They don’t call it a classic for no reason.
If you’ve been to a cocktail bar lately, it would have been almost impossible not to notice a familiar yet supposedly outdated drink on the cocktail list. Once the star of any fancy party in the late ’90s, the espresso martini is once more the centre of attention. But why are espresso martinis so popular now?
The drink is made of freshly brewed espresso, coffee liqueur, and vodka, shaken and served in a chilled martini glass with three roasted coffee beans on top. But over the past year, bartenders have brought it back under the spotlight.
The legend tied to its creation is a bit vague. Some say Dick Bradsell, a bartender who worked at Fred’s Club, a London bar, in the 1980s, created it at the request of a young model for a drink that would wake her up and then mess her up a bit.
Call it nostalgia or maybe just a need for people to go back to a time when things were less uncertain (i.e., before the pandemic), but the love for this once highly popular cocktail is reaching a new fever pitch. “COVID may have raised nostalgia, but prior to that time, you could already notice a rise in coffee-based cocktails (use of cold brew, espresso, a wide variety of quality coffee liqueurs available),” declares Charles Joly, founder of Crafthouse Cocktails & Crafthouse by Fortessa Barware and former beverage director at the Aviary in Chicago. “There is also another trend towards lowbrow-highbrow nostalgia cocktails from the ’80s and ’90s that might largely contribute to this revival.”

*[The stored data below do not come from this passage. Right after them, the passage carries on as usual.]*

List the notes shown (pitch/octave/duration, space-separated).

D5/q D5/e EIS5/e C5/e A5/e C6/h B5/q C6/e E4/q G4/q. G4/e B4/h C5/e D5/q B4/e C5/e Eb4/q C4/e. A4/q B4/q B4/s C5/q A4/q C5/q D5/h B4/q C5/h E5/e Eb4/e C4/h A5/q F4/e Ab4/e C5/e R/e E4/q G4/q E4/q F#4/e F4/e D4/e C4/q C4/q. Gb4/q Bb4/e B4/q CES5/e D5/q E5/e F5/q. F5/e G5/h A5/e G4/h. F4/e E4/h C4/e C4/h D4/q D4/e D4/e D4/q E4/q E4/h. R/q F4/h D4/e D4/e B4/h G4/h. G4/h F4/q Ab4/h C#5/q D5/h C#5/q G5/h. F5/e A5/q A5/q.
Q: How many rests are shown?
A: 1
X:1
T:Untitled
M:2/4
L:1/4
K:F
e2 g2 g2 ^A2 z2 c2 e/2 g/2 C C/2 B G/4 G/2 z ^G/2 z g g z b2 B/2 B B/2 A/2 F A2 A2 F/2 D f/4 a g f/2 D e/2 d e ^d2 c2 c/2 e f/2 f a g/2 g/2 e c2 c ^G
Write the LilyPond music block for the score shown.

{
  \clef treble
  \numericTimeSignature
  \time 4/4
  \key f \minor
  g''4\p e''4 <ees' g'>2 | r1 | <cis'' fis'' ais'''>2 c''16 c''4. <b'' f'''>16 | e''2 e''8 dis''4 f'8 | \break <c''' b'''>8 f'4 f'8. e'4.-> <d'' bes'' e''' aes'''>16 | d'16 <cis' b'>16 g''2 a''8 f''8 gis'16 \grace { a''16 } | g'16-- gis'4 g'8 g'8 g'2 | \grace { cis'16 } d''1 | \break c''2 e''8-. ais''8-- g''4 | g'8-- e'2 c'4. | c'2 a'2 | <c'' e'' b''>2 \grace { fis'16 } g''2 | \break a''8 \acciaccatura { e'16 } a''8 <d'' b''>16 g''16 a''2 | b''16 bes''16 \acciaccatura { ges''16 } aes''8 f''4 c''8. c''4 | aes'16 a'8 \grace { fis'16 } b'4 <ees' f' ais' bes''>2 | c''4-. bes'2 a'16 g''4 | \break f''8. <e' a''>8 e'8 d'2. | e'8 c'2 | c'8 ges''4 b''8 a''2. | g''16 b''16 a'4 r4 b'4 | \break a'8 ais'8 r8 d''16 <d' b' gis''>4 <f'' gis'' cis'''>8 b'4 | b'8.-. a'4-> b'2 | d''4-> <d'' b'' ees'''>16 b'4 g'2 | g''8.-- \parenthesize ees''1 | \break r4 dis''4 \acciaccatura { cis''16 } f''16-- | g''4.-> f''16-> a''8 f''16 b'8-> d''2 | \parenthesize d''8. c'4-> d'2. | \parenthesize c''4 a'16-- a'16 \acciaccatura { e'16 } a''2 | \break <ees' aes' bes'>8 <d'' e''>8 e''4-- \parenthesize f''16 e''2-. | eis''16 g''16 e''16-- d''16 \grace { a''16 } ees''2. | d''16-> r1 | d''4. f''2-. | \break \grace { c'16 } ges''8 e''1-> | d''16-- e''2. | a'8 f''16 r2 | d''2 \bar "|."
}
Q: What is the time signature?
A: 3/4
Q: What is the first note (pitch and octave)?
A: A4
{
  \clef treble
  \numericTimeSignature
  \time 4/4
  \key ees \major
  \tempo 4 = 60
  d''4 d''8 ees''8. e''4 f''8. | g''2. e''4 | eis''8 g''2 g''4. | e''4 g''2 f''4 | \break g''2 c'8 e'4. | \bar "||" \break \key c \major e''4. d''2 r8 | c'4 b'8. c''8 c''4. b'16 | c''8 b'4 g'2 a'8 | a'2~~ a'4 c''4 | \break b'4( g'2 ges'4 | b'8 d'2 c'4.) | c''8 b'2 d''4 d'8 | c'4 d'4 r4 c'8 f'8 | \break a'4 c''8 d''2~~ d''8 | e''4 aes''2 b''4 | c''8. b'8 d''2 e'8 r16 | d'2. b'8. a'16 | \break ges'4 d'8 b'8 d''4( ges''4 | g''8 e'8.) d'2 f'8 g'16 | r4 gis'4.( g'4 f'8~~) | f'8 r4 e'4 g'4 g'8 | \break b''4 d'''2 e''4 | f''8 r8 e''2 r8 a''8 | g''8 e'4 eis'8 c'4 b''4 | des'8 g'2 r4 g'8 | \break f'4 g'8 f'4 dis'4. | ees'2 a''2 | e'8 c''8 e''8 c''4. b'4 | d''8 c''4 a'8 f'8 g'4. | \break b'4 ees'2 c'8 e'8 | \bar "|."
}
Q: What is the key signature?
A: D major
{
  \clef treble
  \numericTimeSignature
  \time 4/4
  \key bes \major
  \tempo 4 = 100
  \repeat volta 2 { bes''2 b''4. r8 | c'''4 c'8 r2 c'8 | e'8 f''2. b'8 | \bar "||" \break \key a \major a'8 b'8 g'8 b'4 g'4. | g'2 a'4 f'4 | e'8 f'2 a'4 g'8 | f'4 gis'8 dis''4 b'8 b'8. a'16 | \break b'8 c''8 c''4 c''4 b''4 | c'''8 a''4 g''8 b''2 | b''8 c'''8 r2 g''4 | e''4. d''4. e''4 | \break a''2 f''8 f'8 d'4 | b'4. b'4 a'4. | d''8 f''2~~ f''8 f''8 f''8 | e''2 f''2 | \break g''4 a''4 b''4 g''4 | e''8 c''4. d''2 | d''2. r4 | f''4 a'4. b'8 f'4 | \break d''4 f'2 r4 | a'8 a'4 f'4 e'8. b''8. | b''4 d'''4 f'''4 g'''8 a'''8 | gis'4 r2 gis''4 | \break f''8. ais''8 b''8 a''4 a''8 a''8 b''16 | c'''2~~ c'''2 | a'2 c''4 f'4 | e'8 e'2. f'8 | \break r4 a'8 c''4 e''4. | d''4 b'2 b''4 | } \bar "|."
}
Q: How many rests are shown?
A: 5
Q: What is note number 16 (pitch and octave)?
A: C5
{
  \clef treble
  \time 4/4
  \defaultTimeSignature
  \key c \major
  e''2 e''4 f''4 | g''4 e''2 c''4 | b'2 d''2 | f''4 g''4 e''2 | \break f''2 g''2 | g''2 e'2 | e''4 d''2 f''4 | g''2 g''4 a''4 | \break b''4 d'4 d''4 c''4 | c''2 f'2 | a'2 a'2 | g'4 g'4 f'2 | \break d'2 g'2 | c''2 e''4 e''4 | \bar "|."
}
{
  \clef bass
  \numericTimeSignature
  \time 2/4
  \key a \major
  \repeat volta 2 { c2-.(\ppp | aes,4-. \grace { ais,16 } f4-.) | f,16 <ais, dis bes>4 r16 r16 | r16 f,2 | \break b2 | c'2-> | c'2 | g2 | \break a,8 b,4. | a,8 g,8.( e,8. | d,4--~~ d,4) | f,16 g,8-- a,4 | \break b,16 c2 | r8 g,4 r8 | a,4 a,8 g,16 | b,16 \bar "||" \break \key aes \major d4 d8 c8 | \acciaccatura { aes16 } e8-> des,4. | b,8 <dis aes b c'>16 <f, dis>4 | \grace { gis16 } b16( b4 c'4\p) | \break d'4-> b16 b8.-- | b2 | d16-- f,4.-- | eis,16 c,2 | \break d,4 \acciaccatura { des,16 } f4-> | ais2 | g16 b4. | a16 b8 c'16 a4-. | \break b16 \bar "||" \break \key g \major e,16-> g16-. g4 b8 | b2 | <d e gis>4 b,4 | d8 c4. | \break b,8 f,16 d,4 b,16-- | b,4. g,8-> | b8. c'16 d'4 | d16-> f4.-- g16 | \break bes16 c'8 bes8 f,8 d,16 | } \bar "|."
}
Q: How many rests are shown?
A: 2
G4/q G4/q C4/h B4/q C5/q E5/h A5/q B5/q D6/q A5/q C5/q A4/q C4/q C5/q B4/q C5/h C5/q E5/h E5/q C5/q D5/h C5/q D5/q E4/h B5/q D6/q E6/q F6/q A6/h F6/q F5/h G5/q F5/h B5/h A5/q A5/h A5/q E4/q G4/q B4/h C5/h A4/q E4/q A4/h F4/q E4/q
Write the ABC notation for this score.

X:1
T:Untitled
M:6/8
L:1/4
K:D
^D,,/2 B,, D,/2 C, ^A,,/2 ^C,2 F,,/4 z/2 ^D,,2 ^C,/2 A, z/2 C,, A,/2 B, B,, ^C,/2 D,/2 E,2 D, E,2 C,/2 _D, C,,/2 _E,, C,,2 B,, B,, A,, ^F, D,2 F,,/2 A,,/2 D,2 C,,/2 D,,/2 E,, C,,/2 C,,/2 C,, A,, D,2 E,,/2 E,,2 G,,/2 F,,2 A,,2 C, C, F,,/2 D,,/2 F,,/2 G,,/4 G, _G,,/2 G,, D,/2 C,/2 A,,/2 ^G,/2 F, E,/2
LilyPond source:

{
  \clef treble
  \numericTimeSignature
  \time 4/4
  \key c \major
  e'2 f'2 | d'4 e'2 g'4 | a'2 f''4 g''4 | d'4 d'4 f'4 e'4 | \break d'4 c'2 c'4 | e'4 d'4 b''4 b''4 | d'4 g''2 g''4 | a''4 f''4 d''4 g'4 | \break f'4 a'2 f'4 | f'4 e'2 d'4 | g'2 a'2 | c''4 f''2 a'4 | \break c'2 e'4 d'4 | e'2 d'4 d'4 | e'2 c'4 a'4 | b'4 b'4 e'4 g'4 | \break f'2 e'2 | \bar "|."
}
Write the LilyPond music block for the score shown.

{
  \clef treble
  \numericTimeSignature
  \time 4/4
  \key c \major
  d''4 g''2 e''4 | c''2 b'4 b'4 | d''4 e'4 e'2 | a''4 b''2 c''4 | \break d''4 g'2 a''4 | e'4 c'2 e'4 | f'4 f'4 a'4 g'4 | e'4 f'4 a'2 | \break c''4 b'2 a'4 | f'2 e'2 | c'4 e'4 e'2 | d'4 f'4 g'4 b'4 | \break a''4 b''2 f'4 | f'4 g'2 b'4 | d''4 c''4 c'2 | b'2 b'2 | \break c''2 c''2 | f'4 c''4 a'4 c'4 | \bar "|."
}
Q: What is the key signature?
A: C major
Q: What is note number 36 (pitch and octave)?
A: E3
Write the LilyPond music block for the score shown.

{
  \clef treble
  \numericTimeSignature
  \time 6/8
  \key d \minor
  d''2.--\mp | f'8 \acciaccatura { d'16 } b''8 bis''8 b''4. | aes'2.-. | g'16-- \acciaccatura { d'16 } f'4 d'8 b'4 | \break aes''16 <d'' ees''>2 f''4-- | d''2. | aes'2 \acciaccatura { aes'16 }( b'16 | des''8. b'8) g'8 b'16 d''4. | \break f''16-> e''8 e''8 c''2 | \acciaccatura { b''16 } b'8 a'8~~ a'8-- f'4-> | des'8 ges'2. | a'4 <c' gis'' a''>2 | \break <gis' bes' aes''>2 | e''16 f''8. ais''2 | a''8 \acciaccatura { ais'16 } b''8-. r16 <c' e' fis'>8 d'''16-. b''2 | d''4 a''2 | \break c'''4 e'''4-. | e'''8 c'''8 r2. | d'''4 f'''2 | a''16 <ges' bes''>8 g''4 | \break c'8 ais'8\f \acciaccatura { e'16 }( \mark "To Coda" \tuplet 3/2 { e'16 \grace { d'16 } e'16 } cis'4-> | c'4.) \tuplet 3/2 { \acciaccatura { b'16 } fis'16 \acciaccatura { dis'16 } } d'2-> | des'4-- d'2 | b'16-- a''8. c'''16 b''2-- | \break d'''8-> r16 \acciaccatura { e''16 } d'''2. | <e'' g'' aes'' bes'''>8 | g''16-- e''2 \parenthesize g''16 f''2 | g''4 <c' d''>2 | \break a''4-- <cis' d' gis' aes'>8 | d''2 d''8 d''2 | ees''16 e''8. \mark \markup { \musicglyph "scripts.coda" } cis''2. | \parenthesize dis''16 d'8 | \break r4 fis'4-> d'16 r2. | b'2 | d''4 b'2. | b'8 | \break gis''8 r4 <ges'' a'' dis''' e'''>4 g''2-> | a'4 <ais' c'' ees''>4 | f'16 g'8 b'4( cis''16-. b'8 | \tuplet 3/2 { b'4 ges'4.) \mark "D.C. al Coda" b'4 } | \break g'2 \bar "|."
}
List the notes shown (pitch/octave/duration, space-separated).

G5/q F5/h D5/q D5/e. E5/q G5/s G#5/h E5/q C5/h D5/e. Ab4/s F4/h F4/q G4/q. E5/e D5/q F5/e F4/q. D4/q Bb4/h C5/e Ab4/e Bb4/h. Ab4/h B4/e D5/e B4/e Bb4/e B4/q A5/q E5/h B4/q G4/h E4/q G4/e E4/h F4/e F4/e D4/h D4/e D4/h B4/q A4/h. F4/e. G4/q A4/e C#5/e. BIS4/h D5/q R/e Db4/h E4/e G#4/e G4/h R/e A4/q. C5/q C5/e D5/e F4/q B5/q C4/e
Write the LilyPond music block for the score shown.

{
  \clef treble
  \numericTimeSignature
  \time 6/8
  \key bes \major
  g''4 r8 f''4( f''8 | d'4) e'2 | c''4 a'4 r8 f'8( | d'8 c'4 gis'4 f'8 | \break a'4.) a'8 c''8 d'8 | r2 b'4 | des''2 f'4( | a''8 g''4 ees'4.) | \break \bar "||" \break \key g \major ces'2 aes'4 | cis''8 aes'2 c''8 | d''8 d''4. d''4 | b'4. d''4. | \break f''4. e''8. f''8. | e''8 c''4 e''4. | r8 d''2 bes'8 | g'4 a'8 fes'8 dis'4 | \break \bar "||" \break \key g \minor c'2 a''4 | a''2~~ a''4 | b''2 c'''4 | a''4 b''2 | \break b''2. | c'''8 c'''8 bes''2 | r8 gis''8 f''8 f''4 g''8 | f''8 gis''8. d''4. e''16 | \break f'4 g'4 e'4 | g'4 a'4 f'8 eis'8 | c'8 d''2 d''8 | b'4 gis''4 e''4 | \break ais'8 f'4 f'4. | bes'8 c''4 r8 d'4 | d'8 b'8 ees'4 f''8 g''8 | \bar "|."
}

He adds that the trend may also be because many of us are slowly starting to venture out to bars and restaurants as restrictions are lifted. “We’re gathering with friends again, and there is so much to catch up, that little caffeine boost in the evening while out is not a bad thing,” he says.
Max Coubès, Montreal-based specialist in no-and-low-ABV cocktails, comes to a similar conclusion. “People’s obsession with coffee is stronger than ever, and there are most definitely some repercussions extended to their cocktails choice,” he says. “They want to keep that buzz going. You also have brands like Grey Goose that have been championing the drink for many years now. It was bound to happen.”
Coubès says that as a bartender, he has seen an increase in guests asking for espresso martinis. “If you are sitting at a bar that has an espresso machine, you will certainly see one or two being made. Let’s be real, it’s a delicious cocktail, so I’m not surprised to hear from other bartenders in other cities that they have also seen a surge in the espresso martini.”
Sabrine Dhaliwal, bar manager at Vancouver’s Chickadee Room in Juke and brand ambassador for Hennessy, observes that it’s not a huge surprise to see this cocktail booming among the generation raised to party on vodka shots and with an insane love for iced coffee. We are talking about the same people who caused the popularity of vodka with Red Bull to peak among clubgoers and turned Four Loko into a pregame trend for college students back when it was still caffeinated.
The espresso martini is a cocktail bartenders love to prepare. “It’s super easy to make,” Charles Joly notes. “Even the most armchair bartender can do a fairly decent one at home. It’s a four-ingredient drink. So imagine how bartenders love it when someone comes to their bar and chooses to order a $14 specialty drink just because they want to enjoy the full experience. It is almost flattering.”
For those who don’t feel like paying for a drink they can make themselves, Sabrine Dhaliwal has a great recipe to keep it simple and let the ingredients shine.
45 millilitres Belvedere Vodka
30 millilitres fresh espresso
15 millilitres coffee liqueur
5 millilitres simple syrup (omit if a dryer cocktail is preferred)
Coffee beans for garnish
Combine all ingredients in a cocktail shaker, add ice, and shake hard. Strain into a coupe and garnish with 3 coffee beans.